Kesedihan Neta semakin menjadi saat tiga buah diary yang penuh dengan puisi dan cerita rindu untuk sang masa lalu, ia buka. Neta memang sengaja meluangkan waktunya di tengah kesibukan dan tugas sekolah untuk menulis sastra kenangannya. Meramu kata menjadi sebaris kalimat. Kemudian menyatukannya dalam berbait puisi, tanpa lupa menyematkan beberapa doa yang menjadi harapan pada Vino. Sejenak ia sempatkan jarinya menyeka air pipi walau tak beberapa lama matanya kembali berkaca dan akhirnya menjatuhkan butiran lembut nan hangat. Tangisan hatinya, lagi, menjelma berbulir melalui mata.
Butuh waktu memang untuk seorang Neta menenangkan diri. Mata sembabnya yang sedari malam dibanjiri belum juga normal. Sakit hatinya masih mencari obat. Namun, untunglah tak beberapa lama, ia tersadar dari semuanya. Ya, Neta harus bisa mengikhlaskan apa yang telah Vino pilih. Karena hati tak dapat diatur sesuai kehendak cinta.
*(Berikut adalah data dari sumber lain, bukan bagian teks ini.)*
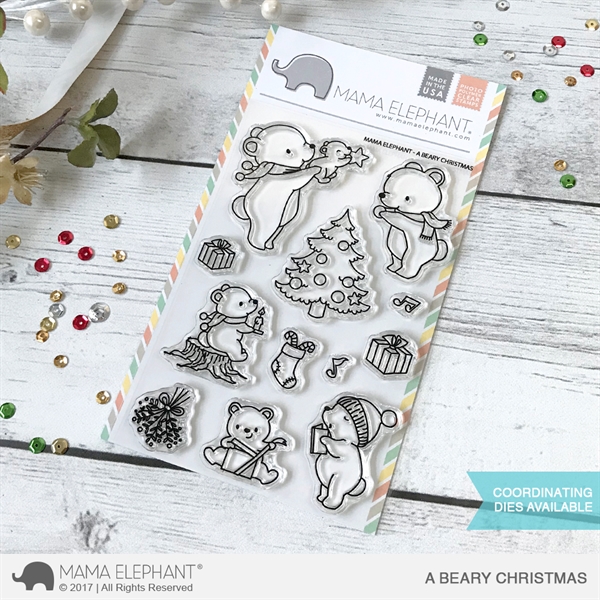 Mama Elephant Clear Stamp Set - A Beary Christmas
Sakit hatinya beberapa waktu lalu kini menemukan obatnya. Sesuatu yang ia temukan seusai sholat. Kekecewaannya kini berganti menjadi sebuah kesyukuran. Ia bersyukur karena Allah masih menjaga kesuciannya. Menjaga mata, telinga, hati dan pikirannya dari ‘zina’. Bukankah dalam Al-Qur’an disebutkan bahwasanya setiap anak cucu Adam dilarang untuk mendekati Zina? Kini, Neta kembali menangis. Ia baru menyadari betapa bodohnya dirinya karena mampu terkalahkan oleh perasaannya selama bertahun-tahun.